Performer Ruth Macaulay had the whole school in stitches with an array of magic tricks, and sidekicks including crocodile puppets and a talking drawing.
But all the fun combined to send a strong message to the students, with the S.T.A.M.P acronym teaching them to stay away from the bully, tell someone about what’s happening, always help others, make friends and play nicely.
“There is a real need in our schools to raise awareness and teach kids about what bullying looks like, because often we find that kids can be bullying someone without even realising it,” Ruth said.
“We have a big focus on raising awareness of what bullying looks like, and also teaching them how to deal with it by not being frightened or upset, staying confident and in control, and following the S.T.A.M.P acronym.
“It’s something I’m really passionate about, and hopefully the kids will take that away from it as well as enjoying the magic and the puppets.”
The show is the second of School Performance Tours’ two-part series on stamping out bullying, which is being performed right across the country.
The magic aspect of the show is designed to show the children that if you can perform tricks on a stage in front of a live audience, you also have the power to change a bad situation when confronted with bullying.

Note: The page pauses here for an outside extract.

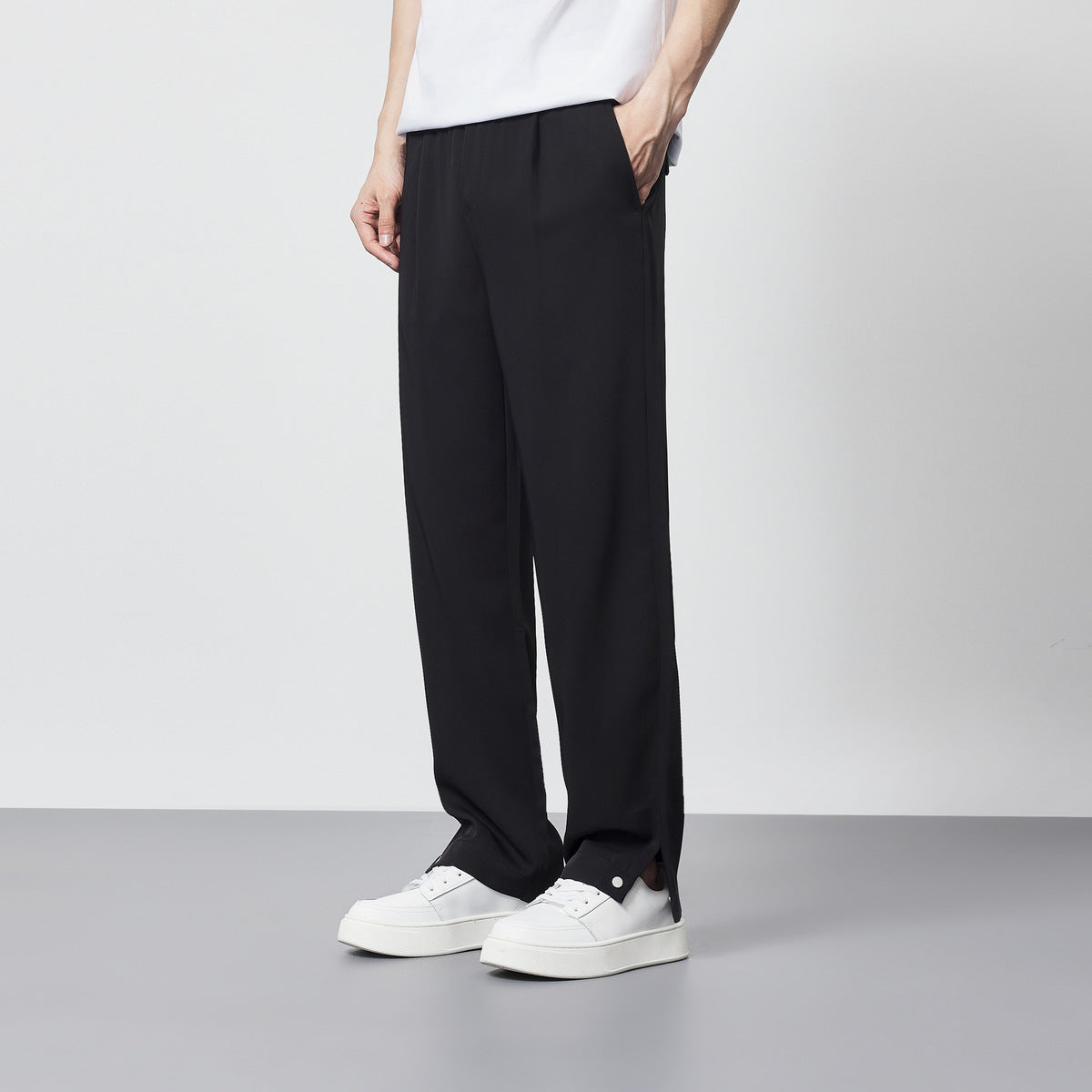 Men's Wide Leg Pleated Pants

School principal John Davidson said anti-bullying measures are a priority for the Department of Education, and the performance is part of a wider strategy in place at Eden Public School.
Mr Davidson said the element of enjoyment in the show helps students to relate to the serious message behind it.
“It’s about giving them the confidence and the self-esteem to be able to respond to bullying,” he said.
“It teaches them different strategies and also to tell us about the situation so that we can act on it.
“The teachers can tell them these things every day, but something like this that is done in a fun way will stick in the minds of the vast majority of these kids.”
Mr Davidson said the school has a good track record in regards to bullying, with an overwhelming number of families providing positive feedback on the school’s handling of any incidents.
He said that of around 190 families with children enrolled at the school, only six had raised concerns in an annual survey, and that the school had taken this feedback on board and continued to work with the families to address their issues.
“We also work with the parents and hold workshops with them, which is something we’ll be doing again later this year,” he said.
“This performance and other workshops that we’ve had here in the past are all part of a wider strategy around anti-bullying.”